Data to use:
_ _ _ _

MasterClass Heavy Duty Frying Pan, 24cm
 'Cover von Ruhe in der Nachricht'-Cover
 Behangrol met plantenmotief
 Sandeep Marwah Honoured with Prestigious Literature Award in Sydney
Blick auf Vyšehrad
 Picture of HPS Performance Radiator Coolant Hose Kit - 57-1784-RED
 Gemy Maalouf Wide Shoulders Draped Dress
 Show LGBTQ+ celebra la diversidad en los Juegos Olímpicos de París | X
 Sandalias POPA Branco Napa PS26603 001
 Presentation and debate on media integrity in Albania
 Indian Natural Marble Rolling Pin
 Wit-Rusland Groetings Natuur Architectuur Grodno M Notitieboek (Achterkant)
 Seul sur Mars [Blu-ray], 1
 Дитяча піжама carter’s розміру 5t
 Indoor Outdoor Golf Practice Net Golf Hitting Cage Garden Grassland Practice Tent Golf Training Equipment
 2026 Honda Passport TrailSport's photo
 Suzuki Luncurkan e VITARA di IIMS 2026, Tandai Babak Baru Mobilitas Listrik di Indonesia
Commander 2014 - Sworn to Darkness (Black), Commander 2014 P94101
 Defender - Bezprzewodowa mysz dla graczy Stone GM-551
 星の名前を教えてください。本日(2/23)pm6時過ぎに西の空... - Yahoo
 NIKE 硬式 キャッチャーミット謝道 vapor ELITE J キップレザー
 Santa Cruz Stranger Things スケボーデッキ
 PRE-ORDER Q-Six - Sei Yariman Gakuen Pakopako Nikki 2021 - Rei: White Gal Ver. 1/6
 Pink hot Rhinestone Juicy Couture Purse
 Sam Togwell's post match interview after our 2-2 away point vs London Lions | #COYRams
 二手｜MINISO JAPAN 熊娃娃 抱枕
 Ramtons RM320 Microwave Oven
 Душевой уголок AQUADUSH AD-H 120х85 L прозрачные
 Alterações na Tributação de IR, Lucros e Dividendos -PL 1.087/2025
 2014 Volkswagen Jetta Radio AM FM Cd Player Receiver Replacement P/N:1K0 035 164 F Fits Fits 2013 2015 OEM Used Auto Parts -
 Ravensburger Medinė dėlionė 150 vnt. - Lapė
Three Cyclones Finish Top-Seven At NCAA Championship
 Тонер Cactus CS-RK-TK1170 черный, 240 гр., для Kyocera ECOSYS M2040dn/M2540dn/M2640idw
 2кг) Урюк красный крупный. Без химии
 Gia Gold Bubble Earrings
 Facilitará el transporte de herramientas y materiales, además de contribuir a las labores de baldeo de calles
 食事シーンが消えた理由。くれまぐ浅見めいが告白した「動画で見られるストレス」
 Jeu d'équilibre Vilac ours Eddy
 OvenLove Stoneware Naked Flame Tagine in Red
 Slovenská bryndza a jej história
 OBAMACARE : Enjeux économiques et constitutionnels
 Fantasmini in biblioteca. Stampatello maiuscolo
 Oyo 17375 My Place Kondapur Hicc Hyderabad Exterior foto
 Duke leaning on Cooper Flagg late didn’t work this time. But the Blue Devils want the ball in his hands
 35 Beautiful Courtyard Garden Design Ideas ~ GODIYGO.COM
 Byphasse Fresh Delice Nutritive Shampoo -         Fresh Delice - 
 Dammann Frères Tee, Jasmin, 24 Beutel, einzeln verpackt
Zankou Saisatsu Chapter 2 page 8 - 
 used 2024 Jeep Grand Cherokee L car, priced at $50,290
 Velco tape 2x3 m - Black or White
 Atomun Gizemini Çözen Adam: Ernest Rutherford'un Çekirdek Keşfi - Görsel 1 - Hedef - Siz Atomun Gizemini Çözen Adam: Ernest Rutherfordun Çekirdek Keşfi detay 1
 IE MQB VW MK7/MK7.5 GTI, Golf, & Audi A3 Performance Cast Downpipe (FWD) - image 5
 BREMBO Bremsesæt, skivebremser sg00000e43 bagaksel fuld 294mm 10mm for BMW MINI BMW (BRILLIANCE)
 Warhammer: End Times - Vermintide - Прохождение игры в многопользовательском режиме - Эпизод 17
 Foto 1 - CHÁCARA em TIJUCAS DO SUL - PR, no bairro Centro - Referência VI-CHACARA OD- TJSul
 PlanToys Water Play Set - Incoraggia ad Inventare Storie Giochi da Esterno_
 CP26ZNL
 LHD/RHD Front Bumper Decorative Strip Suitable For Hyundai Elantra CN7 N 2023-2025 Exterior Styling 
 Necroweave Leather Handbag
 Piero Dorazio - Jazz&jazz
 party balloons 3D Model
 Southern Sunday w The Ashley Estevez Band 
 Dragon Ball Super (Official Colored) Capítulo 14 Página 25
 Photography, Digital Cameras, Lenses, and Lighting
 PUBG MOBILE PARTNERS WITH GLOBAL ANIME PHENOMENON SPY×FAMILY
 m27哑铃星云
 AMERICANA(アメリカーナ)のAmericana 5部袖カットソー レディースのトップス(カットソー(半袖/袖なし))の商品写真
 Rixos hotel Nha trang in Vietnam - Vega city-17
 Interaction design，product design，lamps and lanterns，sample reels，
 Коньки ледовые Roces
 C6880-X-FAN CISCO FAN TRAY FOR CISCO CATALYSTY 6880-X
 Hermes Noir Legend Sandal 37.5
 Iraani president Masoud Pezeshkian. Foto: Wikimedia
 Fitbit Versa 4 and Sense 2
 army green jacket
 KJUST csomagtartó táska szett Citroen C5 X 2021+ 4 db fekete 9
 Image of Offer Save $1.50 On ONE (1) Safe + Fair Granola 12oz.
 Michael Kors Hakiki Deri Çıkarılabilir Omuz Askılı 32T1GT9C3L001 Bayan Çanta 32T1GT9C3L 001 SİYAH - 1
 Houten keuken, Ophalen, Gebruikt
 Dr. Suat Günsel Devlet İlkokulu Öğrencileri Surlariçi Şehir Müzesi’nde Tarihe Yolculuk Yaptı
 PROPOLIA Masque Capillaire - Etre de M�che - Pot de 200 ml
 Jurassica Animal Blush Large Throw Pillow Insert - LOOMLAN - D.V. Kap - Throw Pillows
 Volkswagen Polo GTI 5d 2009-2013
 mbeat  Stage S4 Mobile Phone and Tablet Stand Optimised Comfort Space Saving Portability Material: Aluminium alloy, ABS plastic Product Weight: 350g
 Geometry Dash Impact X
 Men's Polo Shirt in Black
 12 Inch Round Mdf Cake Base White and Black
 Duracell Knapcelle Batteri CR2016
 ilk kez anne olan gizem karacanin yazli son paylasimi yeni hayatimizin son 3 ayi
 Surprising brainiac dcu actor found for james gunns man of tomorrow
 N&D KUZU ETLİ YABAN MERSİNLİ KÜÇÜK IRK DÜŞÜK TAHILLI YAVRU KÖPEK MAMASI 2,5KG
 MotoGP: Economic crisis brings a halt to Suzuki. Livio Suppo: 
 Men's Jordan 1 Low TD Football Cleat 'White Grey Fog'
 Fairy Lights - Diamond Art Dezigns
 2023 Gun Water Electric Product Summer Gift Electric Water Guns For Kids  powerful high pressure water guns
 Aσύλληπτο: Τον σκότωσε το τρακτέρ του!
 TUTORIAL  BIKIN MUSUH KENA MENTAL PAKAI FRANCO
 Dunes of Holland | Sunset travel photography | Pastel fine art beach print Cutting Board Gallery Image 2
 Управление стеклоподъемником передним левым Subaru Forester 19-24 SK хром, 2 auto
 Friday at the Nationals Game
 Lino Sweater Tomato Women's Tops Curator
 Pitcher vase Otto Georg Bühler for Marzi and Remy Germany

_ _ _ _

Description of the task: Exactly as written above, copy every line.

Worked solution:
MasterClass Heavy Duty Frying Pan, 24cm
 'Cover von Ruhe in der Nachricht'-Cover
 Behangrol met plantenmotief
 Sandeep Marwah Honoured with Prestigious Literature Award in Sydney
Blick auf Vyšehrad
 Picture of HPS Performance Radiator Coolant Hose Kit - 57-1784-RED
 Gemy Maalouf Wide Shoulders Draped Dress
 Show LGBTQ+ celebra la diversidad en los Juegos Olímpicos de París | X
 Sandalias POPA Branco Napa PS26603 001
 Presentation and debate on media integrity in Albania
 Indian Natural Marble Rolling Pin
 Wit-Rusland Groetings Natuur Architectuur Grodno M Notitieboek (Achterkant)
 Seul sur Mars [Blu-ray], 1
 Дитяча піжама carter’s розміру 5t
 Indoor Outdoor Golf Practice Net Golf Hitting Cage Garden Grassland Practice Tent Golf Training Equipment
 2026 Honda Passport TrailSport's photo
 Suzuki Luncurkan e VITARA di IIMS 2026, Tandai Babak Baru Mobilitas Listrik di Indonesia
Commander 2014 - Sworn to Darkness (Black), Commander 2014 P94101
 Defender - Bezprzewodowa mysz dla graczy Stone GM-551
 星の名前を教えてください。本日(2/23)pm6時過ぎに西の空... - Yahoo
 NIKE 硬式 キャッチャーミット謝道 vapor ELITE J キップレザー
 Santa Cruz Stranger Things スケボーデッキ
 PRE-ORDER Q-Six - Sei Yariman Gakuen Pakopako Nikki 2021 - Rei: White Gal Ver. 1/6
 Pink hot Rhinestone Juicy Couture Purse
 Sam Togwell's post match interview after our 2-2 away point vs London Lions | #COYRams
 二手｜MINISO JAPAN 熊娃娃 抱枕
 Ramtons RM320 Microwave Oven
 Душевой уголок AQUADUSH AD-H 120х85 L прозрачные
 Alterações na Tributação de IR, Lucros e Dividendos -PL 1.087/2025
 2014 Volkswagen Jetta Radio AM FM Cd Player Receiver Replacement P/N:1K0 035 164 F Fits Fits 2013 2015 OEM Used Auto Parts -
 Ravensburger Medinė dėlionė 150 vnt. - Lapė
Three Cyclones Finish Top-Seven At NCAA Championship
 Тонер Cactus CS-RK-TK1170 черный, 240 гр., для Kyocera ECOSYS M2040dn/M2540dn/M2640idw
 2кг) Урюк красный крупный. Без химии
 Gia Gold Bubble Earrings
 Facilitará el transporte de herramientas y materiales, además de contribuir a las labores de baldeo de calles
 食事シーンが消えた理由。くれまぐ浅見めいが告白した「動画で見られるストレス」
 Jeu d'équilibre Vilac ours Eddy
 OvenLove Stoneware Naked Flame Tagine in Red
 Slovenská bryndza a jej história
 OBAMACARE : Enjeux économiques et constitutionnels
 Fantasmini in biblioteca. Stampatello maiuscolo
 Oyo 17375 My Place Kondapur Hicc Hyderabad Exterior foto
 Duke leaning on Cooper Flagg late didn’t work this time. But the Blue Devils want the ball in his hands
 35 Beautiful Courtyard Garden Design Ideas ~ GODIYGO.COM
 Byphasse Fresh Delice Nutritive Shampoo -         Fresh Delice - 
 Dammann Frères Tee, Jasmin, 24 Beutel, einzeln verpackt
Zankou Saisatsu Chapter 2 page 8 - 
 used 2024 Jeep Grand Cherokee L car, priced at $50,290
 Velco tape 2x3 m - Black or White
 Atomun Gizemini Çözen Adam: Ernest Rutherford'un Çekirdek Keşfi - Görsel 1 - Hedef - Siz Atomun Gizemini Çözen Adam: Ernest Rutherfordun Çekirdek Keşfi detay 1
 IE MQB VW MK7/MK7.5 GTI, Golf, & Audi A3 Performance Cast Downpipe (FWD) - image 5
 BREMBO Bremsesæt, skivebremser sg00000e43 bagaksel fuld 294mm 10mm for BMW MINI BMW (BRILLIANCE)
 Warhammer: End Times - Vermintide - Прохождение игры в многопользовательском режиме - Эпизод 17
 Foto 1 - CHÁCARA em TIJUCAS DO SUL - PR, no bairro Centro - Referência VI-CHACARA OD- TJSul
 PlanToys Water Play Set - Incoraggia ad Inventare Storie Giochi da Esterno_
 CP26ZNL
 LHD/RHD Front Bumper Decorative Strip Suitable For Hyundai Elantra CN7 N 2023-2025 Exterior Styling 
 Necroweave Leather Handbag
 Piero Dorazio - Jazz&jazz
 party balloons 3D Model
 Southern Sunday w The Ashley Estevez Band 
 Dragon Ball Super (Official Colored) Capítulo 14 Página 25
 Photography, Digital Cameras, Lenses, and Lighting
 PUBG MOBILE PARTNERS WITH GLOBAL ANIME PHENOMENON SPY×FAMILY
 m27哑铃星云
 AMERICANA(アメリカーナ)のAmericana 5部袖カットソー レディースのトップス(カットソー(半袖/袖なし))の商品写真
 Rixos hotel Nha trang in Vietnam - Vega city-17
 Interaction design，product design，lamps and lanterns，sample reels，
 Коньки ледовые Roces
 C6880-X-FAN CISCO FAN TRAY FOR CISCO CATALYSTY 6880-X
 Hermes Noir Legend Sandal 37.5
 Iraani president Masoud Pezeshkian. Foto: Wikimedia
 Fitbit Versa 4 and Sense 2
 army green jacket
 KJUST csomagtartó táska szett Citroen C5 X 2021+ 4 db fekete 9
 Image of Offer Save $1.50 On ONE (1) Safe + Fair Granola 12oz.
 Michael Kors Hakiki Deri Çıkarılabilir Omuz Askılı 32T1GT9C3L001 Bayan Çanta 32T1GT9C3L 001 SİYAH - 1
 Houten keuken, Ophalen, Gebruikt
 Dr. Suat Günsel Devlet İlkokulu Öğrencileri Surlariçi Şehir Müzesi’nde Tarihe Yolculuk Yaptı
 PROPOLIA Masque Capillaire - Etre de M�che - Pot de 200 ml
 Jurassica Animal Blush Large Throw Pillow Insert - LOOMLAN - D.V. Kap - Throw Pillows
 Volkswagen Polo GTI 5d 2009-2013
 mbeat  Stage S4 Mobile Phone and Tablet Stand Optimised Comfort Space Saving Portability Material: Aluminium alloy, ABS plastic Product Weight: 350g
 Geometry Dash Impact X
 Men's Polo Shirt in Black
 12 Inch Round Mdf Cake Base White and Black
 Duracell Knapcelle Batteri CR2016
 ilk kez anne olan gizem karacanin yazli son paylasimi yeni hayatimizin son 3 ayi
 Surprising brainiac dcu actor found for james gunns man of tomorrow
 N&D KUZU ETLİ YABAN MERSİNLİ KÜÇÜK IRK DÜŞÜK TAHILLI YAVRU KÖPEK MAMASI 2,5KG
 MotoGP: Economic crisis brings a halt to Suzuki. Livio Suppo: 
 Men's Jordan 1 Low TD Football Cleat 'White Grey Fog'
 Fairy Lights - Diamond Art Dezigns
 2023 Gun Water Electric Product Summer Gift Electric Water Guns For Kids  powerful high pressure water guns
 Aσύλληπτο: Τον σκότωσε το τρακτέρ του!
 TUTORIAL  BIKIN MUSUH KENA MENTAL PAKAI FRANCO
 Dunes of Holland | Sunset travel photography | Pastel fine art beach print Cutting Board Gallery Image 2
 Управление стеклоподъемником передним левым Subaru Forester 19-24 SK хром, 2 auto
 Friday at the Nationals Game
 Lino Sweater Tomato Women's Tops Curator
 Pitcher vase Otto Georg Bühler for Marzi and Remy Germany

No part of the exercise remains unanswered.